I was trying to think of other movies that made me look up from the day to day, clearing the cobwebs of my daily concerns and I came up with two other science fiction / fantasy movies:

  • The Matrix (1999) I hadn’t read much about the premise of the film when I saw it and it was a completely absorbing mystery: the first half trying to figure out what was going on and the second half  completely unsure where the story would go next.
  • Harry Potter and the Philosopher’s Stone (2001) I wasn’t sure what to expect, I had not read the books. Rowling had crafted a  fully worked out system of magic that was part fairy tale and part a real depiction of evil at work in the world that led me to see the movie twice in the same day.
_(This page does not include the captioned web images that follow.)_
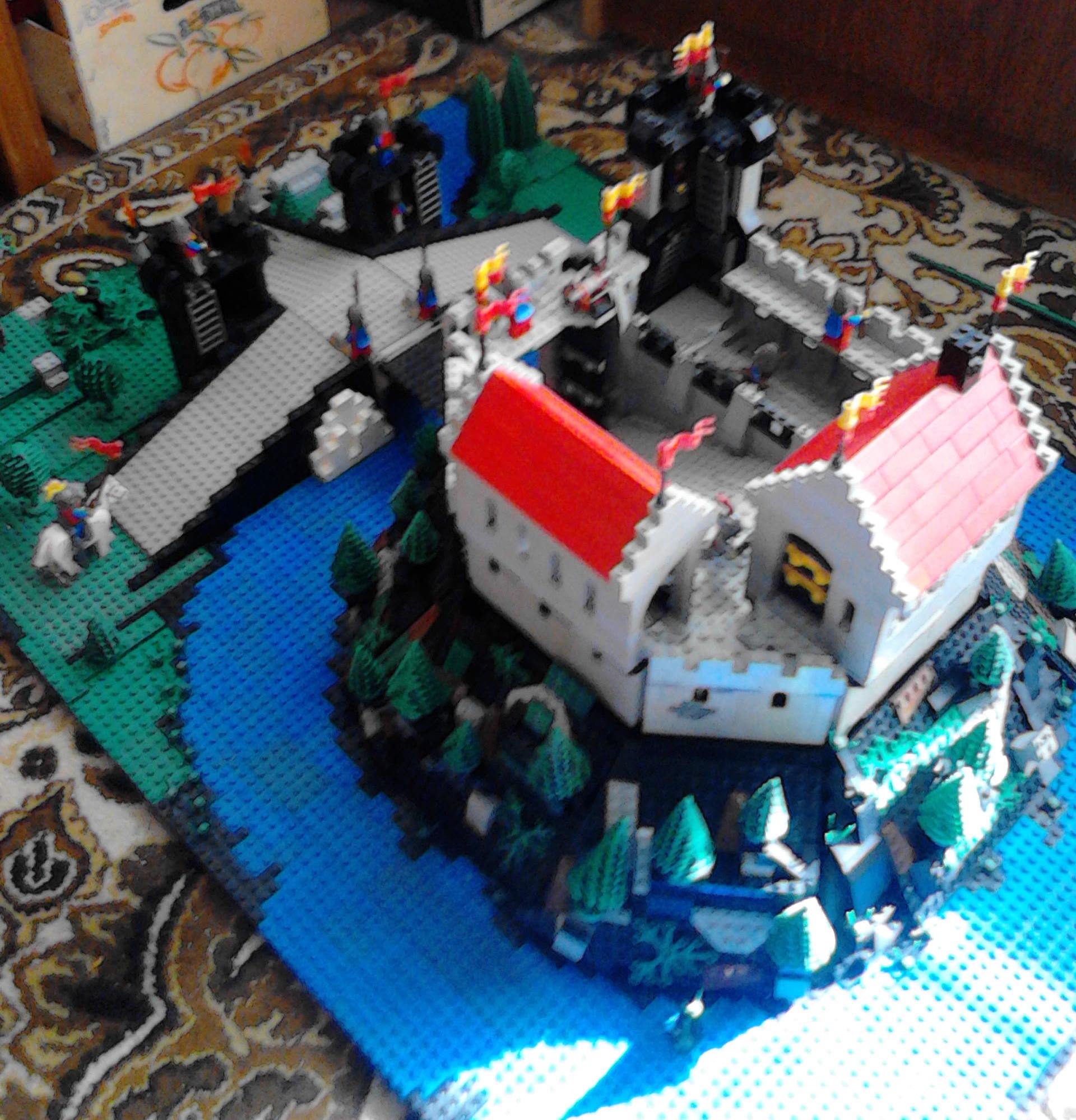 img_20150414_160503.jpg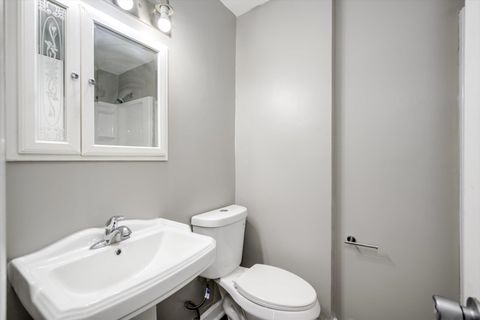 Tiny photo for 4022 Tallman Drive, Martinez, GA 30907 (MLS # 546897)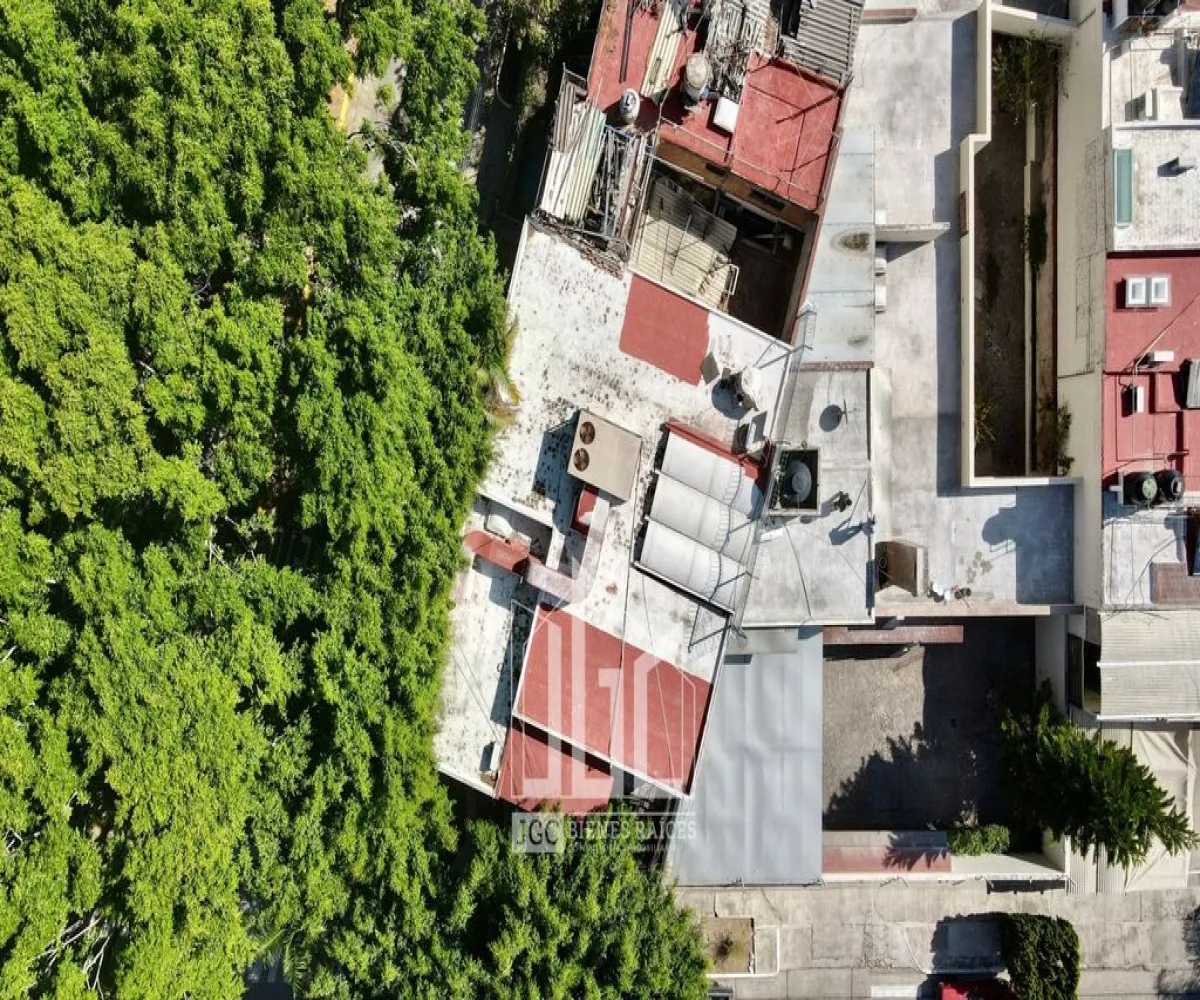 Casa En Venta,Chapalita Sur,Avenida Cubilete 248, Zapopan, Jalisco 45040, 1 Cuarto,1 Baño,Avenida Cubilete,2,pqeJyrb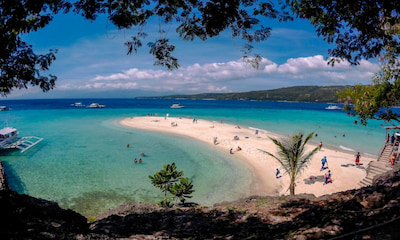Oslob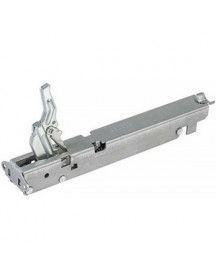 Петля дверей (ліва/права) 434485 для духовки Gorenje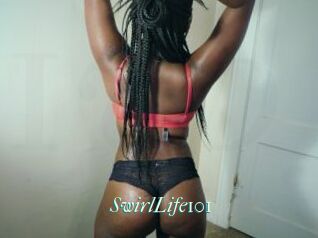 SwirlLife101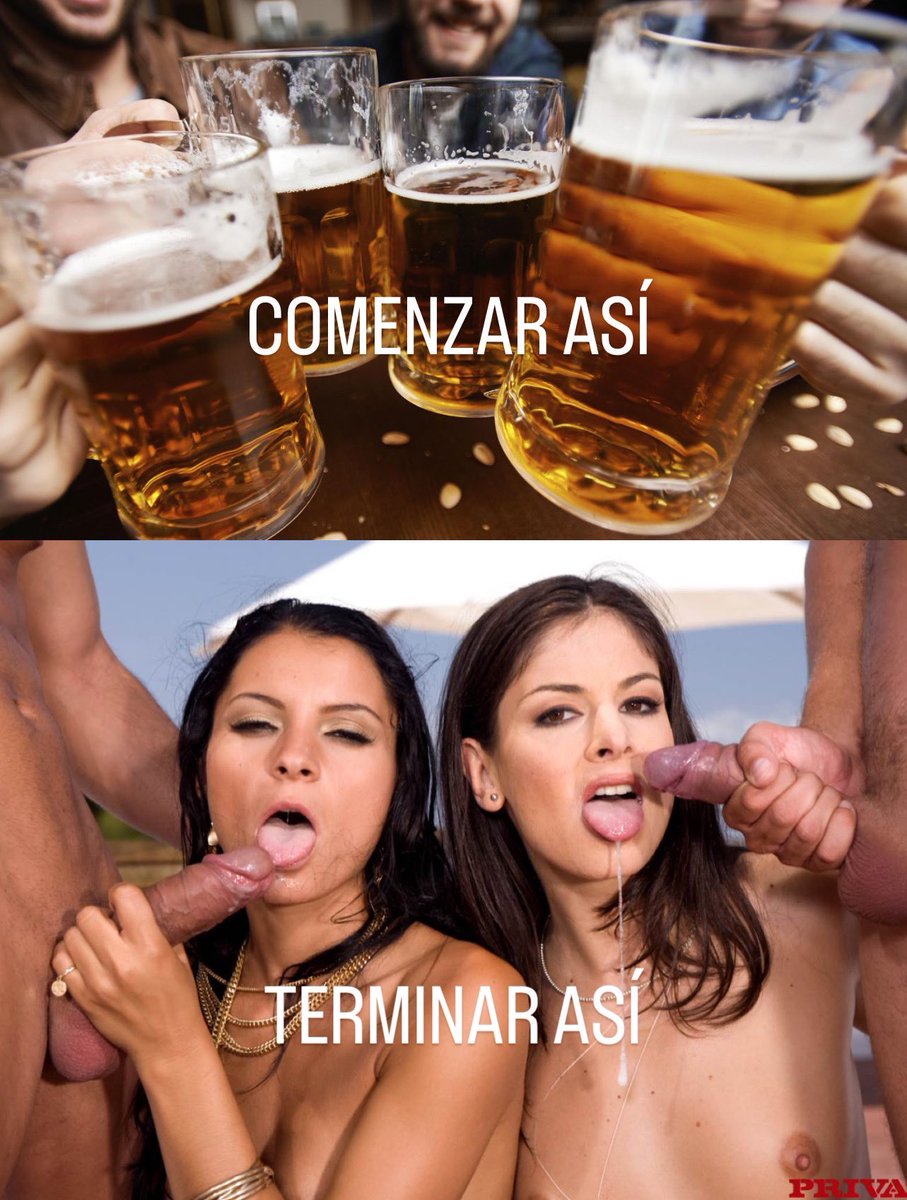 kiss hot 😈🔥 tweet media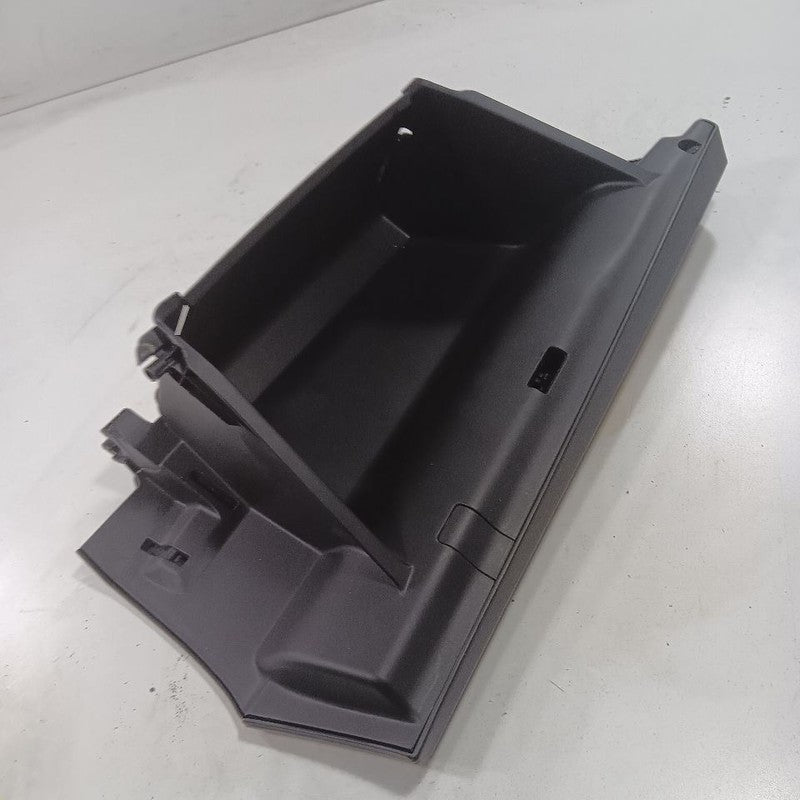 Honda Civic Glove Box Dash Compartment 2016 2017 2018 2019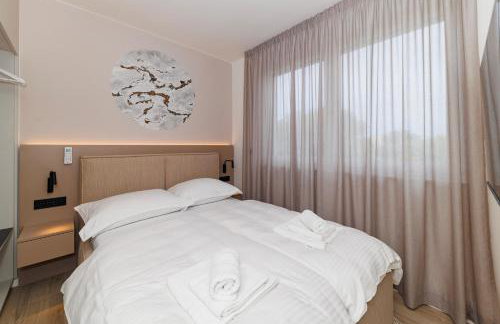 Luxury Suites Zaton by Belmont Realty - Photo 17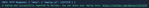 Screen Shot 2019-03-07 at 1.12.49 PM.png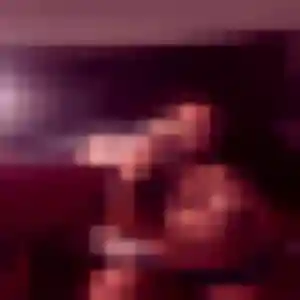 Profil de Phoebe à Saint-Sorlin-de-Vienne (28 ans) - plan cul gratuit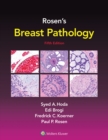 Rosen's Breast Pathology - eBook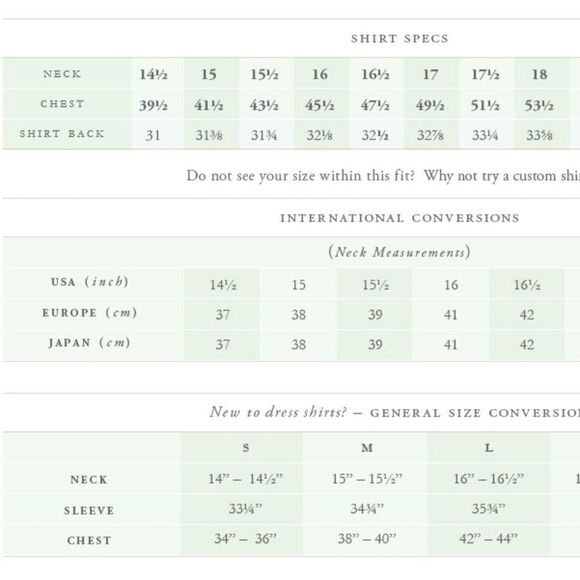 Brooks Brothers Madison Original Polo Blue Shirt - Picture 8 of 8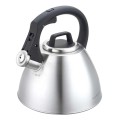 CZAJNIK-STALOWY-Z-GWIZDKIEM-2-5L-KLAUSBERG-KB-7917_[49457]_1200.jpg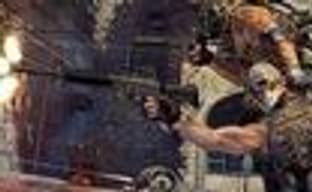 Army of Two: The 40th Day создается под влиянием CoD4 и GeoW2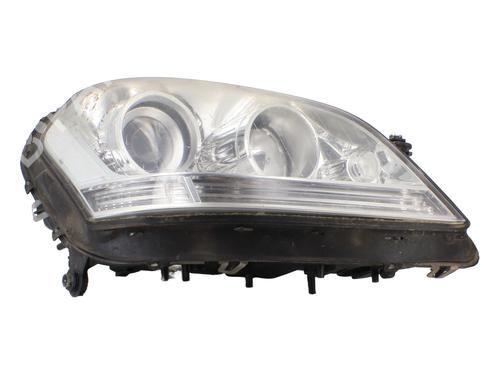 Right headlight MERCEDES-BENZ M-CLASS (W164) ML 280 CDI 4-matic (164.120) | BP25676240C29 - Image 2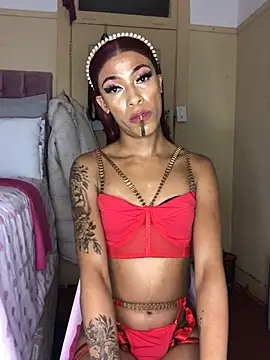 Snapshot of Kylie_Hairy_Bbc chatting on February 2026 08:10:01 PM Kylie Hairy Bbc online show from February 2026 08:10:01 PM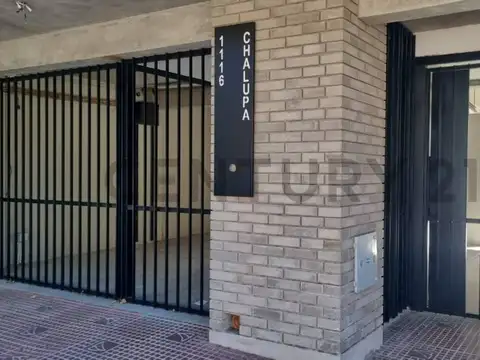 san gines 1116 , Piso 3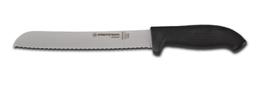 Product thumb gallery 866736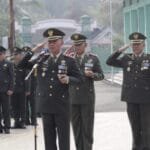 WhatsApp Image 2023-10-05 at 03.37.41 WhatsApp Image 2023 10 05 at 03.37.41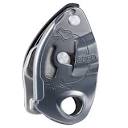 Petzl GRIGRI® Belay Device - Rock-N-Rescue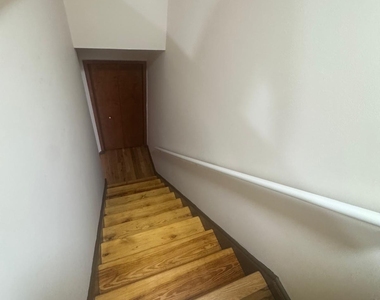 204 Wheeler Avenue - Photo Thumbnail 8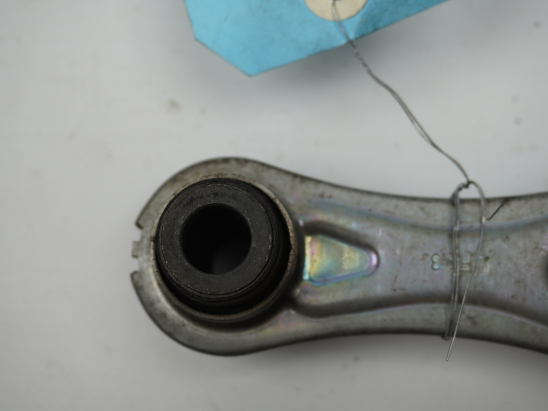 BIELLETTE ANTI-COUPLE MOTEUR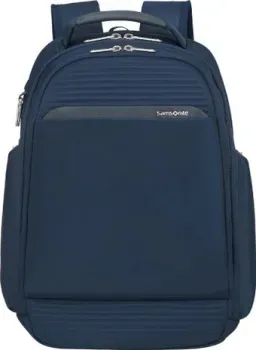 Samsonite Paralux BT KT3-41001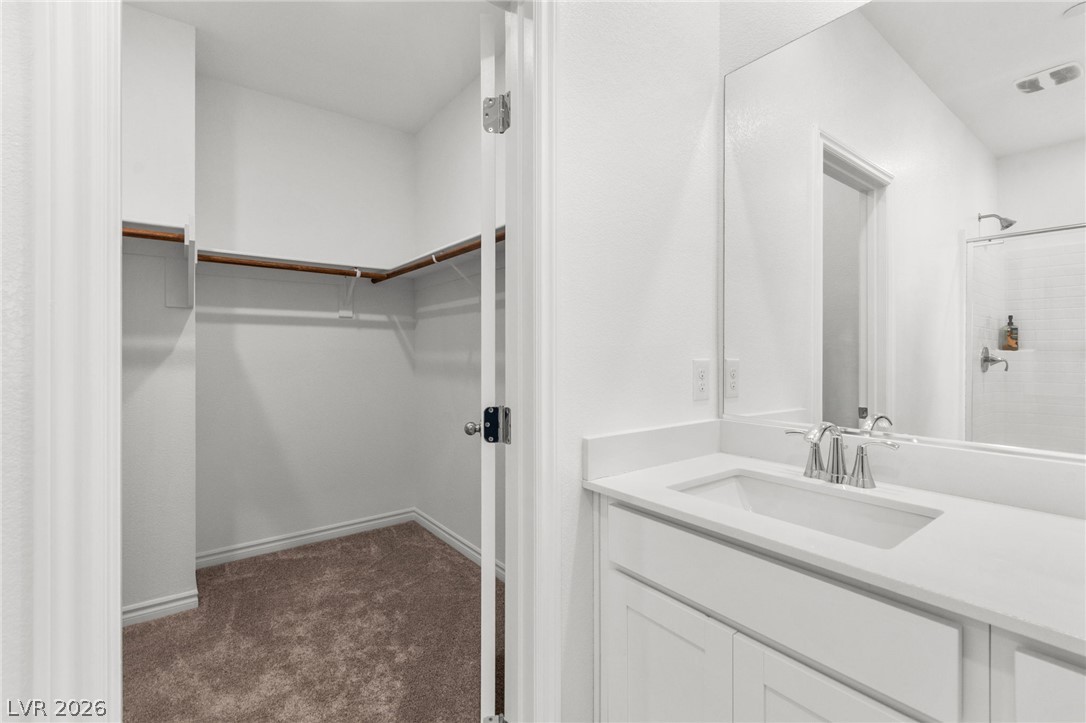 234 Walsh Peak Avenue Property Photo 29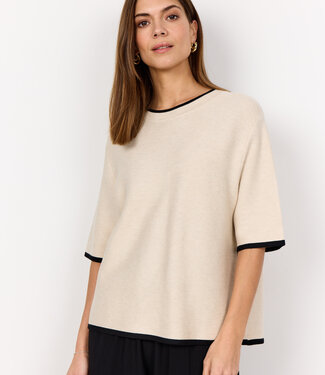 Soya Concept SC-DOLLIE 793 (91620)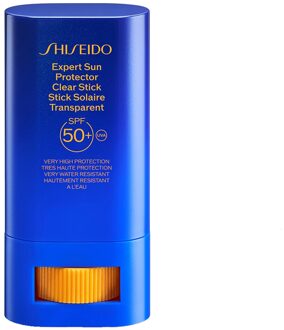 SHISEIDO Suncare Bundle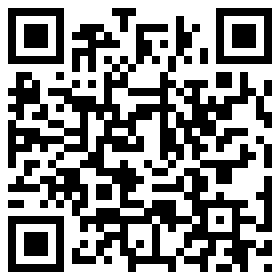 qrcode für HAGER AFX416D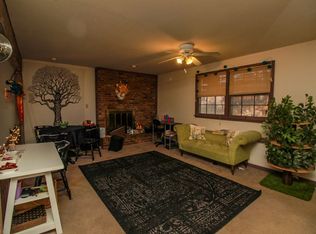 16 E Clarkson Rd #A, Columbia, MO 65203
After I had slept on it I realized that there were two others I had found captivating that are based on the real events of our first steps into space:

  • The Right Stuff (1983) Watching one of the early scenes that shows Chuck Yeager on fair and bailing out of a plane more than 10 miles off the ground and realizing in the back of my mind that this had actually happened and he had lived–and was still alive–put so many “action movie” scenes to shame.
  • Apollo 13 (1995) There are two fantastic scenes in this movie, one about what it means to be an engineer, and one a pilot. The first is when they dump a duplicate set of all of the miscellaneous material in the capsule onto a table and tell the engineering team they don’t but they have to figure out how to build an assembly that will fit a square peg in a round hole and then radio the instructions verbally to the astronauts.  The second is an interview that’s shown in passing:

    Television Reporter: Is there a specific instance in an airplane emergency when you can recall fear?
    Jim Lovell: Uh well, I’ll tell ya, I remember this one time – I’m in a Banshee at night in combat conditions, so there’s no running lights on the carrier. It was the Shrangri-La, and we were in the Sea of Japan and my radar had jammed, and my homing signal was gone… because somebody in Japan was actually using the same frequency. And so it was – it was leading me away from where I was supposed to be. And I’m lookin’ down at a big, black ocean, so I flip on my map light, and then suddenly: zap. Everything shorts out right there in my cockpit. All my instruments are gone. My lights are gone. And I can’t even tell now what my altitude is. I know I’m running out of fuel, so I’m thinking about ditching in the ocean. And I, I look down there, and then in the darkness there’s this uh, there’s this green trail. It’s like a long carpet that’s just laid out right beneath me. And it was the algae, right? It was that phosphorescent stuff that gets churned up in the wake of a big ship. And it was – it was – it was leading me home. You know? If my cockpit lights hadn’t shorted out, there’s no way I’d ever been able to see that. So uh, you, uh, never know… what… what events are to transpire to get you home.

If you haven’t seen it already I would catch Interstellar in the theaters over the holidays and if that doesn’t do enough to renew your sense of wonder I would rent one or more of these other films.

“The Earth reminded us of a Christmas tree ornament hanging in the blackness of space. As we got farther and farther away it diminished in size. Finally it shrank to the size of a marble, the most beautiful marble you can imagine.”